GIVEN INFORMATION:
──────────────────────────────

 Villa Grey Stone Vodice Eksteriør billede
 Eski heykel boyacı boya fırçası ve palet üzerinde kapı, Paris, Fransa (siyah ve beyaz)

──────────────────────────────

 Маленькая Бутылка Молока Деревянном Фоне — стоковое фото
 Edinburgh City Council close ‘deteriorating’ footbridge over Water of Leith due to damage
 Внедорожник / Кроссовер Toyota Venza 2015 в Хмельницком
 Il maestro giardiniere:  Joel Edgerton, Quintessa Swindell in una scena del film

──────────────────────────────

YOUR GOAL:
Starting at the line that contains "Маленькая Бутылка Молока" and stopping after the line that contains "scena del film", write out every line exactly as it appears above, and no other line.

SOLUTION TO THE PROBLEM:
 Маленькая Бутылка Молока Деревянном Фоне — стоковое фото
 Edinburgh City Council close ‘deteriorating’ footbridge over Water of Leith due to damage
 Внедорожник / Кроссовер Toyota Venza 2015 в Хмельницком
 Il maestro giardiniere:  Joel Edgerton, Quintessa Swindell in una scena del film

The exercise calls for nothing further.